Citoyen italo-américain né à Asmara en Erythrée, Gianfranco Rosi est à l’origine d’une filmographie fidèle à ces quelques bribes biographiques : les rives du Gange à Bénarès en Inde, un recoin du désert californien, la frontière américano-mexicaine, celles, brûlantes, du Moyen-Orient. Et quand il s’agit de filmer l’Italie, c’est encore l’idée de voyage qui s’invite : autour de Rome en suivant le GRA (Grande Raccordo Anulare) ; sur l’île de Lampedusa, où aboutissent tant de destins tragiques jetés sur les eaux de la Méditerranée, trop souvent engloutis par elles.
Il ne fait aucun doute que Gianfranco Rosi est un auteur d’importance, avec un univers personnel. Et si cette importance se mesure à la reconnaissance des « grands » festivals, elle est même immense puisqu’il a reçu le Lion d’or à Venise en 2013 (pour Sacro GRA) et l’Ours d’or en 2016 à Berlin (pour Fuocoammare). Il fait ainsi rimer cinéma documentaire avec récompenses suprêmes dans ces manifestations de premier ordre, où cette forme est pourtant très peu présente dans les sélections – le plus souvent cantonnée dans le créneau « hors compétition » –, encore moins dans les palmarès.
Avec cette reconnaissance, on pourrait penser que Gianfranco Rosi a trouvé la formule, la recette qu’il convient de resservir à ceux qui la goûte. Mais on constate qu’il n’en est rien, et qu’il n’en a pas, de recette. Ses films ne répètent pas un dispositif, un motif, une thématique. Il initie au contraire une perpétuelle réinvention de la démarche et de la forme, qui, on le comprend, ne précèdent pas le film lui-même mais s’adaptent à chaque projet. Et chacun ajuste la distance, entre très proche et plus lointaine, ce qui est évidemment une façon de toujours chercher la bonne.

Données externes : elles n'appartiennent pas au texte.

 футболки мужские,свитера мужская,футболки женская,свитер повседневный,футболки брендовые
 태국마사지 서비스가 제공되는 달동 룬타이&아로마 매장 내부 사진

Gianfranco Rosi oppose une forme de résistance au récit classique, linéaire ; il agence des mosaïques de séquences sans chercher à combler les béances, invitant plutôt le spectateur à s’y engouffrer, à cheminer pour tresser lui-même une narration. L’ambition formelle de ce filmeur solitaire – réalisant l’image et le son – constitue une autre constante, une esthétique enveloppante, sophistiquée, avec un travail sonore renforçant la dimension immersive de son cinéma. Autant de moyens à sa disposition pour déplacer le réel vers l’imaginaire, la fiction. Pour témoigner de cette diversité, de cette propension à se réinventer, on peut citer son tout premier film, Boatman (1993), qui se fait sous le signe de l’art de la rencontre, de la relation entre filmeur et filmé, et son tout dernier, Notturno (2020), composé presque uniquement de plans-tableaux larges et fixes.
Entre Boatman et Notturno, il y aura eu ce fascinant tête-à-tête avec un tueur à gage dans une chambre d’hôtel (El Sicario 2010), le portrait d’un groupe de naufragés du rêve américain (Below Sea Level, 2008), un voyage autour d’une ville révélant une singulière faune (Sacro GRA, 2013). Avec Fuocoammare (2016), il aborde un sujet brûlant – les migrants mourant en mer ou s’échouant sur les rives de l’île de Lampedusa –, mais sous la forme d’une « contre-actualité », selon la temporalité propre au cinéma, en travaillant la question du point de vue, s’appuyant sur la capacité de son art à restituer la complexité d’une situation, par la frontalité comme l’allégorie.